The “surge” becomes a “bump.” A State Department official says that President Bush is considering sending “no more than 15,000 to 20,000 U.S. troops” to Iraq. “Instead of a surge, it is a bump,” said a State Department official.

“A laboratory that has tested most of the nation’s electronic voting systems has been temporarily barred from approving new machines after federal officials found that it was not following its quality-control procedures and could not document that it was conducting all the required tests.”

The Washington Post highlights the plight of pregnant women in Iraq, who are “forgoing prenatal visits to doctors as a result” of the ongoing violence. “Fearful of going into labor during the nighttime curfew, they are having elective Caesarean sections.” They also suffer from a shortage of doctors, many of whom have fled the country, been kidnapped or killed.

The AFL-CIO has sued the Department of Labor to compel it to issue a rule requiring employers to pay for protective equipment used by an estimated 20 million workers to protect them from job hazards. By the department’s own estimates, 400,000 workers have been injured and 50 have died due to the absence of this rule, since 1999 when the rule was first proposed.”

2007 is “set to be the hottest on record worldwide due to global warming and the El Nino weather phenomenon,” beating the last record set in 1998, the Britain Meteorological Office says today. “This new information represents another warning that climate change is happening around the world,” the office said.

The New York Times may eliminate the “public editor,” an autonomous watchdog position created after controversies involving faulty Iraq war reporting and the Jayson Blair plagiarism scandal. Executive editor Bill Keller says the position might be scrapped after the current public editor, Byron Calame, completes his term in May.

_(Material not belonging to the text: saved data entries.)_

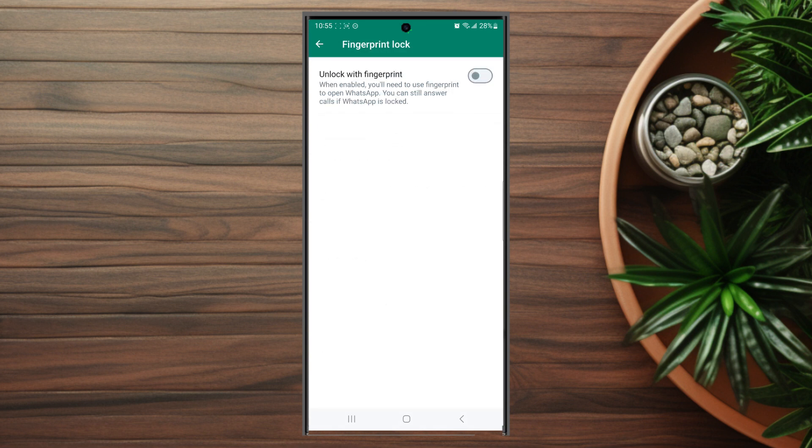After you turn on fingerprint lock, you can use a toggle switch to enable unlock with fingerprint, where you'll need to use a fingerprint to open WhatsApp. However, you will still be able to answer calls if WhatsApp is locked.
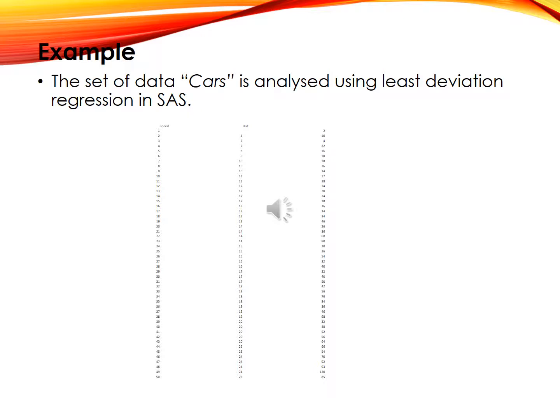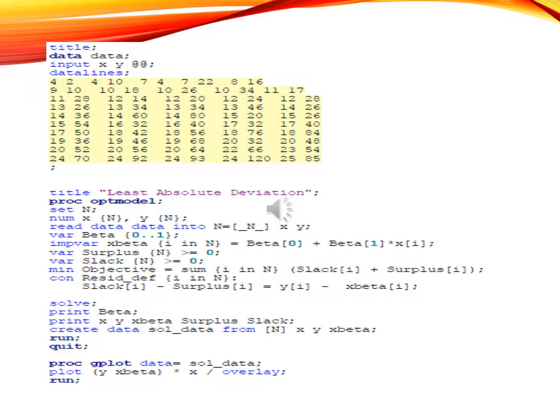Here I am going to analyze a set of car data using the least absolute deviation regression in SAS. I take the sample data and am going to analyze it using least absolute deviation. I read the data and take x and y, where x is the independent variable and y is the dependent variable.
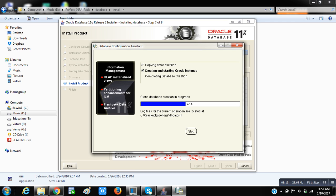Let's wait till it reaches 100%. It has reached almost 85%.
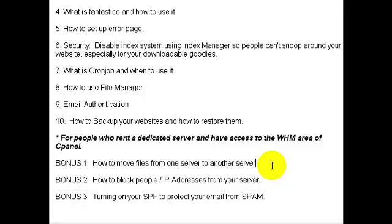For people who have a dedicated server and access to the Web Hosting Manager area of cPanel — which most of you would probably not have unless you rent your own virtual or dedicated server — I'll be including three bonus videos on how to move files from one server to another.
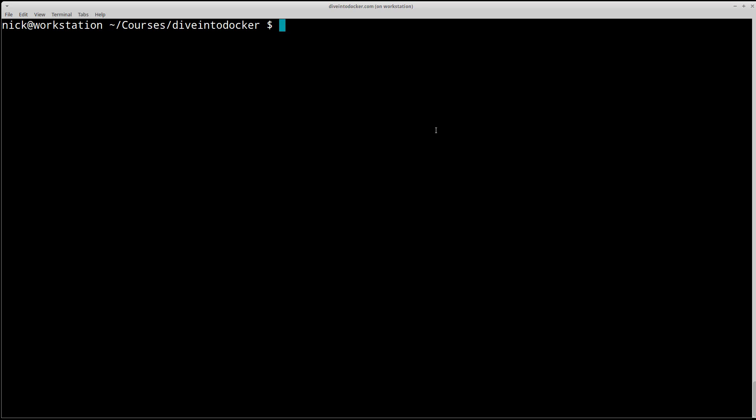As an aside, in the future I'm always going to say open up a terminal. If you're using the Docker toolbox, it will be up to you to open up a Docker Quickstart terminal instead.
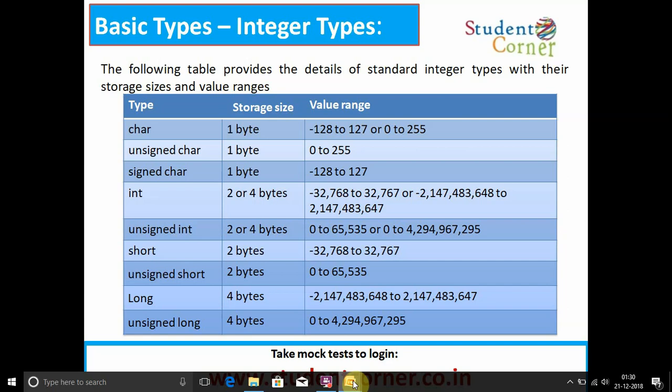Integer takes two to four bytes; with two bytes the range is minus 32,768 to 32,767. Unsigned integer takes two bytes with a range of 0 to 65,535. Short takes two bytes. Unsigned short also takes two bytes. Long takes four bytes with a range of minus 2,147,483,648 to 2,147,483,647.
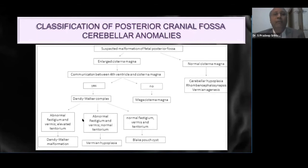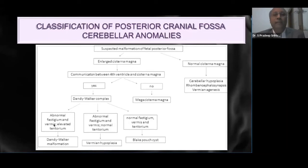In the Dandy Walker complex, we need to concentrate on the vermis. It is very important to image the vermis in a true mid-sagittal plane or in a 3D reconstructed mid-sagittal plane. We need to assess whether the morphology of the vermis is normal, whether the fastigium and fastigial angle are normal, and also the position of the tentorium or torcular.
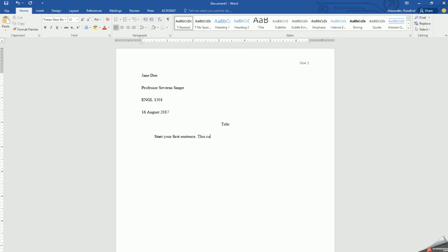This concludes this video. If you have any further questions about MLA formatting, please feel free to contact a librarian or tutor at the Student Success Center.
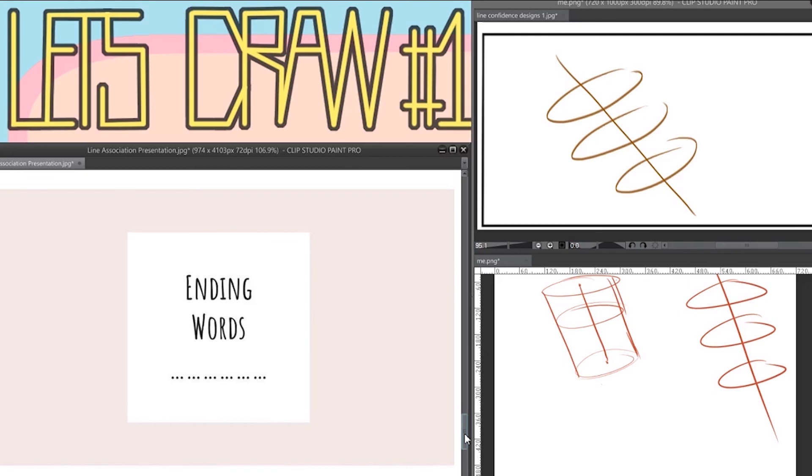Anyways, if you like this video, give us a thumbs up. If you want to see more of us, hit the subscribe button. Bye bye!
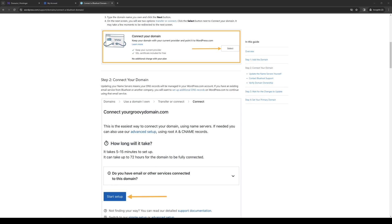How's it going everyone, and welcome back to the channel. In today's video, I'll be teaching you how to properly connect your Bluehost domain to WordPress or Wix, or basically any web content management tool. I will show you both ways as well as vice versa, so without further ado, let's dive right in.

In a Washington Post op-ed, Sen. Barack Obama (D-IL) says Congress has to pass “more than window dressing when it comes to ethics reform,” and calls for the creation of a “nonpartisan, independent ethics commission that would act as the American people’s public watchdog over Congress.”

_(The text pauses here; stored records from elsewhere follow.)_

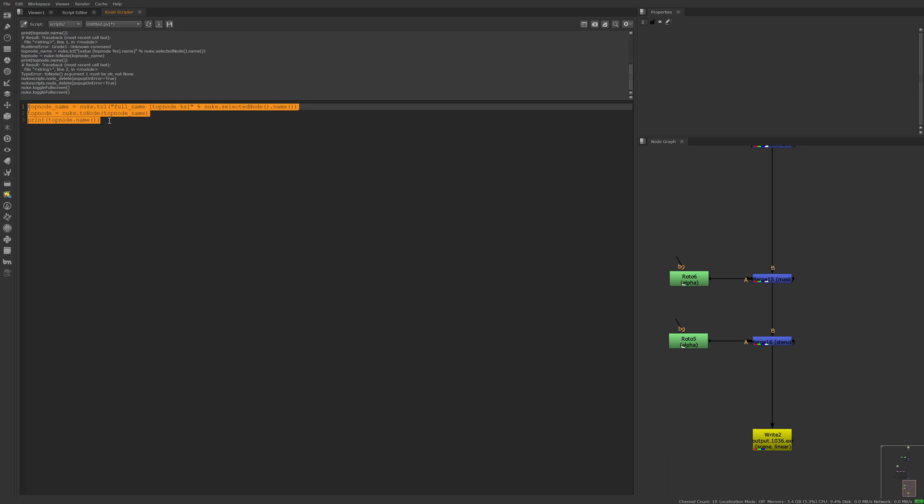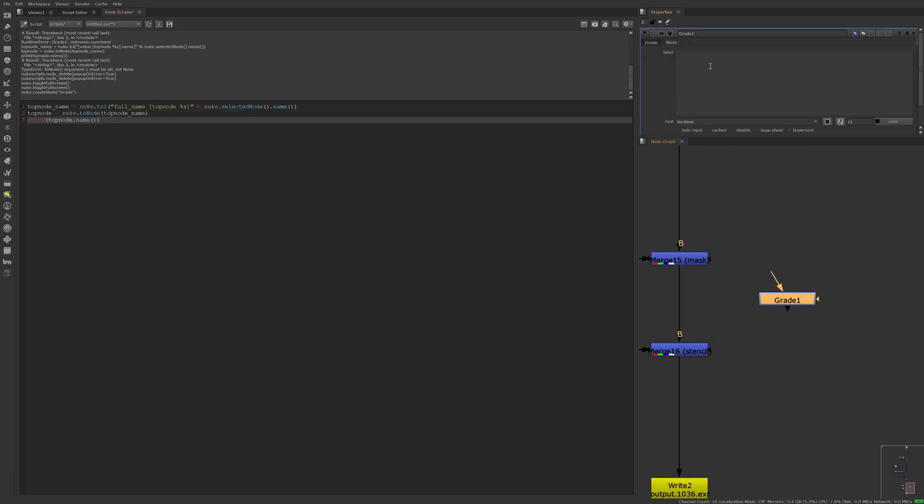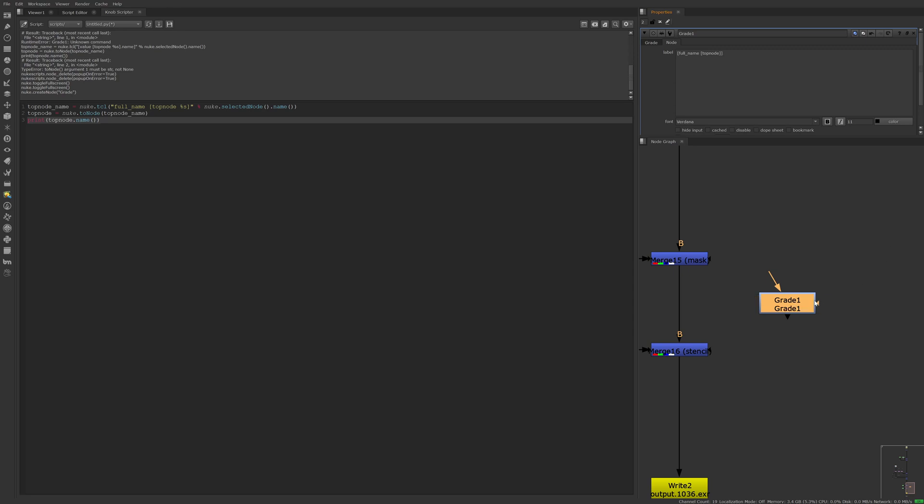This is the code that's going to run it, but let's break it down via a gray node with a label. So I'll create a gray node here, and if we type full name top node, it's going to return the node name of whatever the top node is.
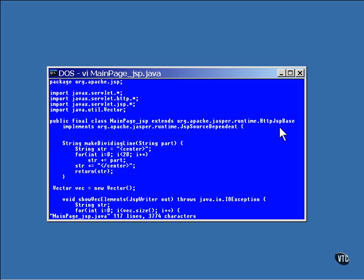Also, you may want to override the jspDestroy method to release any resources you're holding, such as an open database. The jspDestroy method is called only once at the very end of the life of the object. These methods are not used very often, but they are there if you need them.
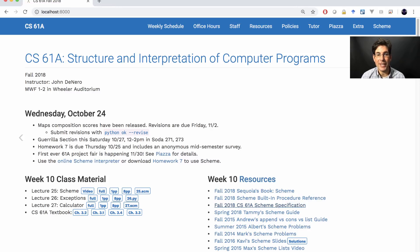This weekend we'll have a guerrilla section on Saturday starting at noon in the Soda Hall labs. Homework 7 is due tomorrow, and it includes an anonymous mid-semester survey.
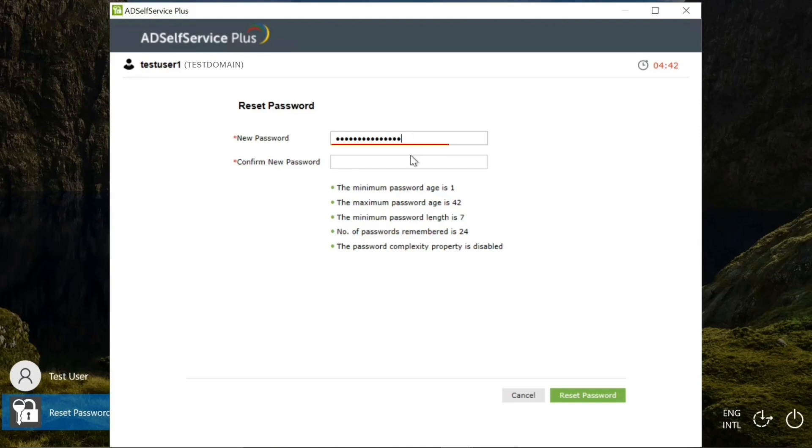Red indicates that the password is weak, yellow indicates moderate password strength, and green indicates that the password is strong. After re-entering the new password in the confirm new password field, click reset password.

And finally: Paris Hilton and 89-year-old Sen. Robert Byrd (D-WV) have more in common than you thought, including “a penchant for wearing leopard print,” spending a lot of time in front of cameras, and, The Hill reports, drinking Red Bull. “Although Byrd sometimes imbibes the hipster beverage, he’s not about to adopt a club-hopping lifestyle. ‘He likes Bob Evans and the Dairy Queen and Shoney’s,'” a spokesman said.